Later we will learn how we can measure the strength of correlation and goodness fit quantitatively, and further manipulate the linear model. For now, we can inspect it visually. The blue line represents the estimated mean trend or ‘line of best fit’. If our model is successful, should roughly match the central trend of the surrounding points.
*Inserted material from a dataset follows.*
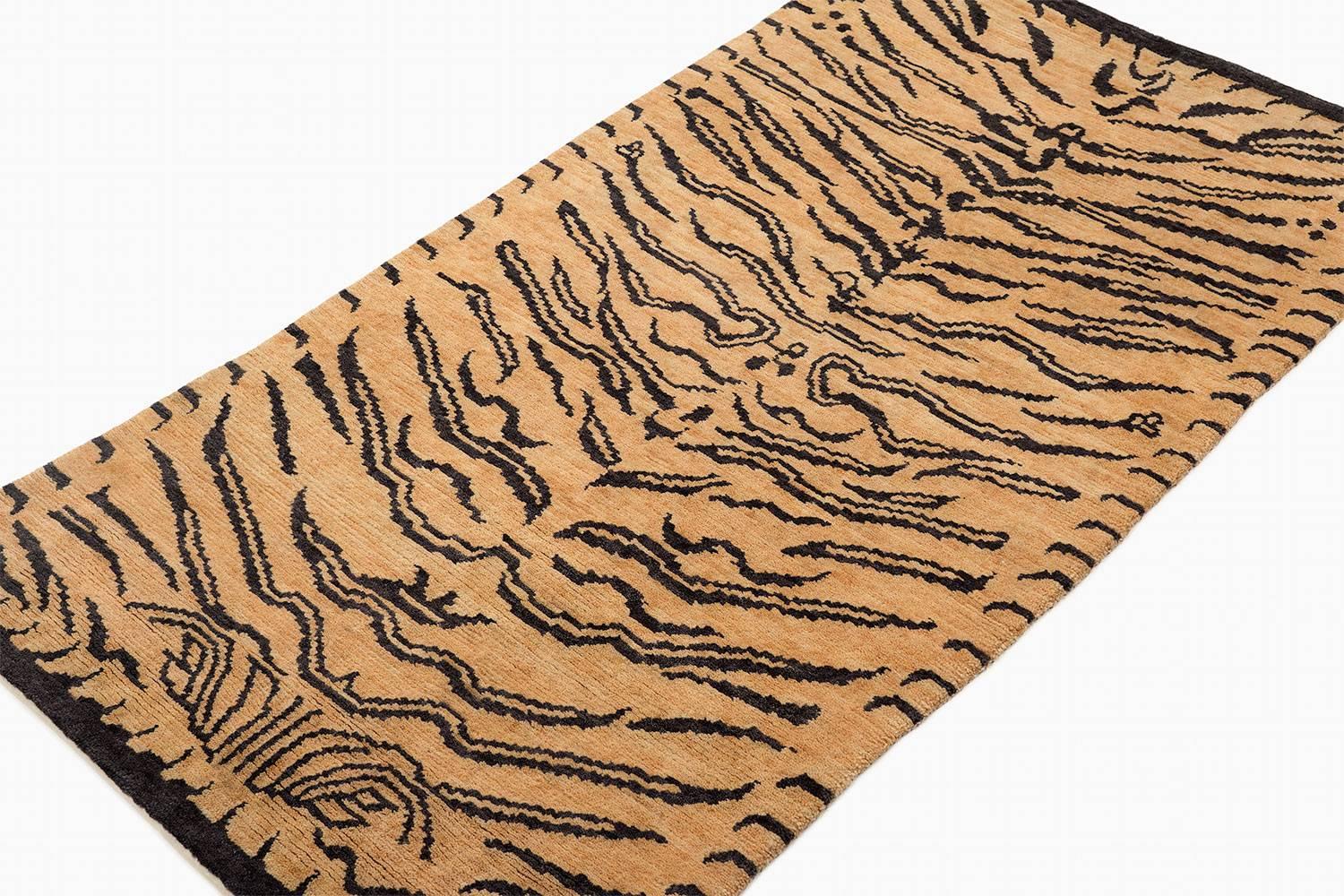 'Sanskrit Tiger' carpet is a fresh take on an original Joseph Carini design. It has a textured weave - a Devi weave, 60 Knot. It is 100 % wool, hand-spun, and handwoven in Nepal. The abstract animal print is bold but not overwhelmingly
Equally important is the grey area around the line, representing the confidence interval around the mean. By default, it is the 95% confidence interval. You can control this with the level argument:

ggplot(islay_lithics, aes(area, total)) +
    geom_point() +
    geom_smooth(method = "glm", level = 0.68) # one sigma

ggplot(islay_lithics, aes(area, total)) +
    geom_point() +
    geom_smooth(method = "glm", level = 0.997) # three sigma

As always with confidence intervals, it is important to remember that the level chosen is arbitrary.

Another useful argument to geom_smooth() is fullrange. We can set this to TRUE to extend the model beyond the actual range of the data, which can be useful for prediction:

ggplot(islay_lithics, aes(area, total)) +
    geom_point() +
    geom_smooth(method = "glm", fullrange = TRUE) +
    scale_x_continuous(limits = c(0, 300000))
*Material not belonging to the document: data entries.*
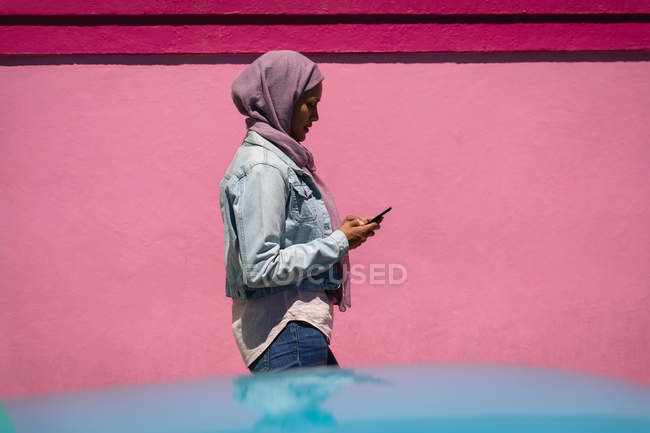 Vista lateral da bela mulher de raça mista usando telefone celular enquanto caminha do beco em um dia ensolarado — Fotografia de Stock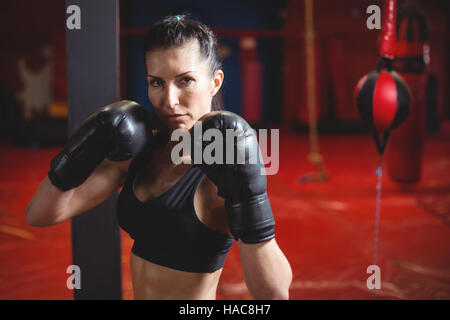 Confident female boxer performing boxing stance Stock Photo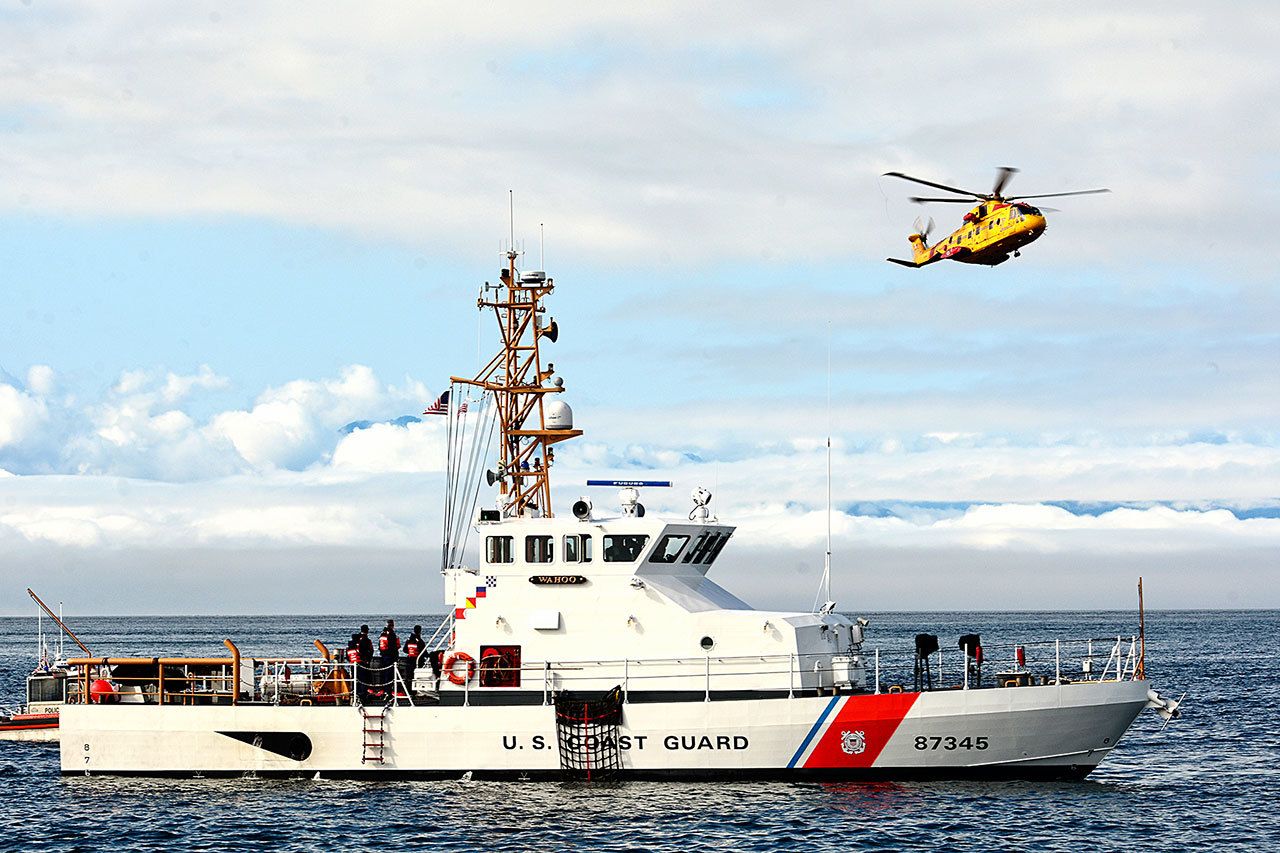 A Canadian helicopter passes behind the U.S. Coast Guard cutter Wahoo during an international mass-rescue drill in the Strait of Juan de Fuca on Tuesday. (Jesse Major/Peninsula Daily News)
Note the use of scale_x_continuous() to extend the range of the x axis. Prediction needs to be approached with common sense and a knowledge of the data. For example, we can readily ask the model to ‘predict’ the number of lithics found at sites with an area of less than zero:

ggplot(islay_lithics, aes(area, total)) +
    geom_point() +
    geom_smooth(method = "glm", fullrange = TRUE) +
    scale_x_continuous(limits = c(-100000, 200000))
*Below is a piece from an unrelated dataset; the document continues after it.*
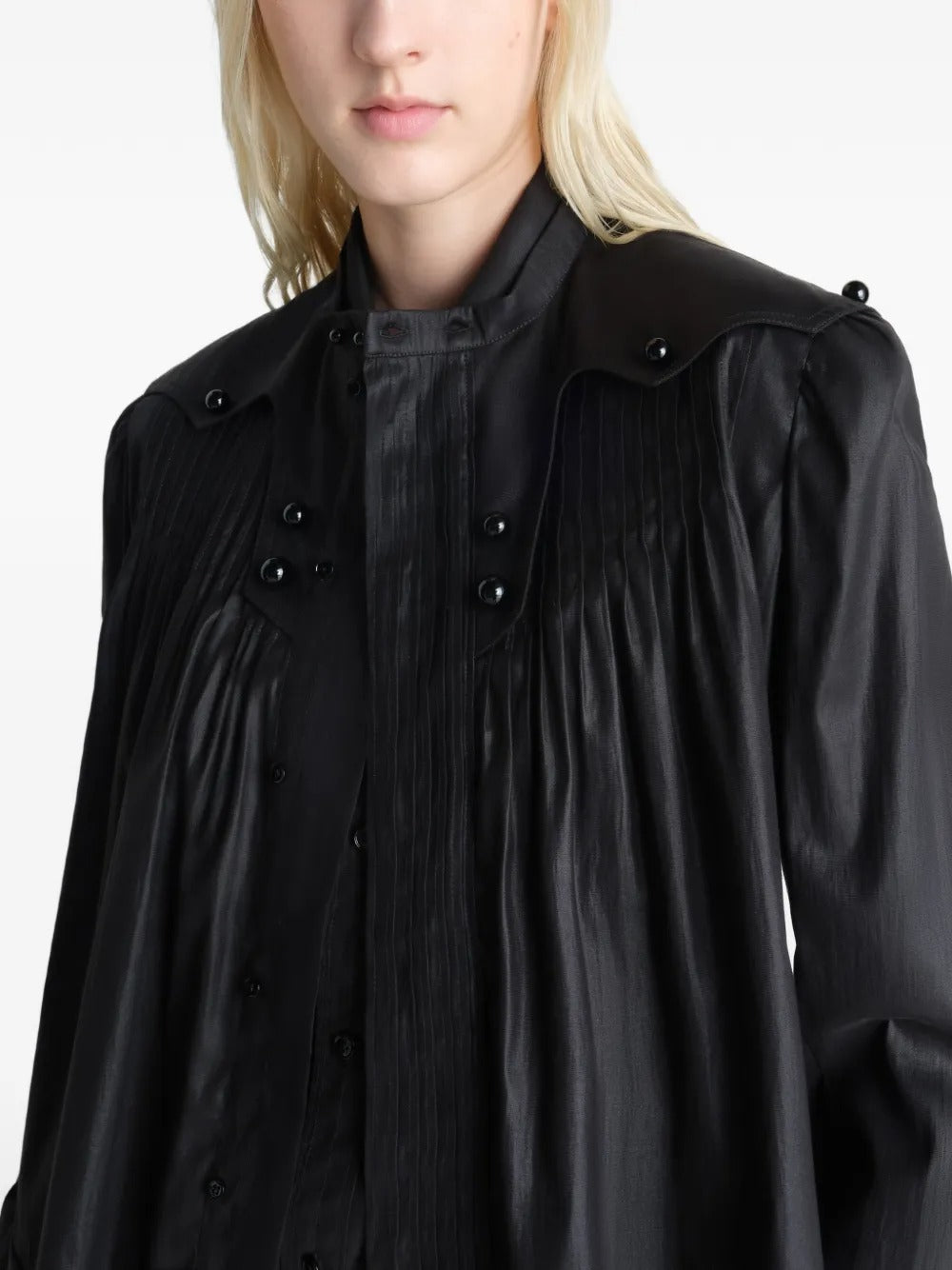Close up of black tops, showing texture of the triacetate and cotton and polyester fabric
One final way we can try to improve the model fit, without actually changing the model itself, is to consider the scale of the variables. In this case, both the area of sites and the total number of lithics appear to follow a log-normal distribution:

ggplot(islay_lithics, aes(area)) + geom_density()

ggplot(islay_lithics, aes(total)) + geom_density()

As we’ve already seen, these kind of distributions are easy to normalise using a log transform. We could create new log variables, as we did last week, but since at this point we’re only concerned with visualisation, we can instead do the transformation directly on the plot itself with scale_*_log10():

ggplot(islay_lithics, aes(area, total)) +
    geom_point() +
    geom_smooth(method = "glm") +
    scale_x_log10() +
    scale_y_log10()

This is called a log–log scale. If there is a linear correlation on a log-log scale, as there is here, it indicates a power law correlation on a normal scale.

Exercises

Why does it make sense to log transform the variables total and area specifically?
Choose two lithic types (flakes, etc.) and fit an appropriate model to them using geom_smooth().
Is there a correlation? Why or why not?

Measuring correlation

A correlation coefficient measures the strength of correlation between two variables. We can calculate them with cor.test() function in R.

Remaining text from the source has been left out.